Ou seja, “estamos a tentar aproveitar o que é exigido, visto que a região se encaixa naquilo que são as exigências da ‘baby food’ [comida para bebés]”, acrescenta.
O projeto não é inédito no país e está ainda numa fase prematura, mas já provoca entusiasmo entre os produtores agrícolas da zona.
“Pode ser uma nova janela” de oportunidade, “porque estamos a ver que realmente começam a estar à procura de produtos biológicos ou com menos concentrados de pesticidas”, reconhece o também agricultor Fernando Rosa.
A tentativa de encontrar novos “nichos de mercado” é cada vez mais uma preocupação para a agricultura do Campo Branco, que, por ser de sequeiro, é menos rentável do que o regadio.
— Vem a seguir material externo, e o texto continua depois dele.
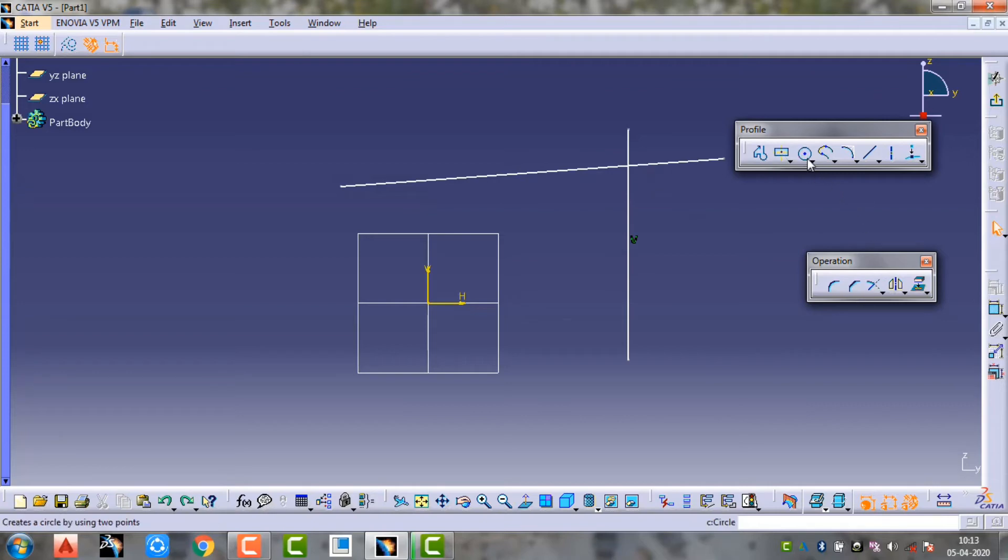Next to fillet, the next option is construction line.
Não só em termos de produção, mas também de valorização.
Além disso, a região é abrangida pelo Apoio Zonal de Castro Verde, medida agroambiental criada em 1995, no âmbito da Política Agrícola Comum (PAC).
Este apoio visa promover a conservação da natureza e avifauna no Campo Branco - onde existe uma Reserva da Biosfera da UNESCO - e, em simultâneo, minimizar as perdas de rendimento agrícola decorrentes de técnicas culturais e de gestão compatíveis com a conservação da natureza.
Tudo isto levou a Associação de Agricultores do Campo Branco (AACB), de Castro Verde, e a Escola Superior Agrária de Beja (ESAB) a criarem, há oito anos, Campos de Ensaio e Experimentação de Cereais de Inverno, Fenossilagens, Leguminosas e Pastagens Melhoradas.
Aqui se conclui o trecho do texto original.